**What you will do:** Could you restate all of the entries, word for word?

-- Available data follows --

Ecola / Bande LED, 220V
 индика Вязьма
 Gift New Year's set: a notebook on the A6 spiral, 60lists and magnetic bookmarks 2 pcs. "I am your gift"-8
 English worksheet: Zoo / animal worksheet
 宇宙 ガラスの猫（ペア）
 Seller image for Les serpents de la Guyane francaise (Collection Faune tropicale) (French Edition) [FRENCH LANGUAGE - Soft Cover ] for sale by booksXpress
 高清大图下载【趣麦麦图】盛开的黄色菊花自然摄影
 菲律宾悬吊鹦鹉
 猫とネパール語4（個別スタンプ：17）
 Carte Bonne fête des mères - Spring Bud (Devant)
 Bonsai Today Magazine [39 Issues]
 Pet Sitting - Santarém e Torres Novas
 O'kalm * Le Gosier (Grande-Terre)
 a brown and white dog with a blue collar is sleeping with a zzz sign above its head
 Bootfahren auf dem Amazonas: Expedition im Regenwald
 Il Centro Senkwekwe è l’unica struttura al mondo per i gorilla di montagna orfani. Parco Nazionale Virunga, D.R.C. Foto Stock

-- Available data concluded --

**Output of the exercise:**
Ecola / Bande LED, 220V
 индика Вязьма
 Gift New Year's set: a notebook on the A6 spiral, 60lists and magnetic bookmarks 2 pcs. "I am your gift"-8
 English worksheet: Zoo / animal worksheet
 宇宙 ガラスの猫（ペア）
 Seller image for Les serpents de la Guyane francaise (Collection Faune tropicale) (French Edition) [FRENCH LANGUAGE - Soft Cover ] for sale by booksXpress
 高清大图下载【趣麦麦图】盛开的黄色菊花自然摄影
 菲律宾悬吊鹦鹉
 猫とネパール語4（個別スタンプ：17）
 Carte Bonne fête des mères - Spring Bud (Devant)
 Bonsai Today Magazine [39 Issues]
 Pet Sitting - Santarém e Torres Novas
 O'kalm * Le Gosier (Grande-Terre)
 a brown and white dog with a blue collar is sleeping with a zzz sign above its head
 Bootfahren auf dem Amazonas: Expedition im Regenwald
 Il Centro Senkwekwe è l’unica struttura al mondo per i gorilla di montagna orfani. Parco Nazionale Virunga, D.R.C. Foto Stock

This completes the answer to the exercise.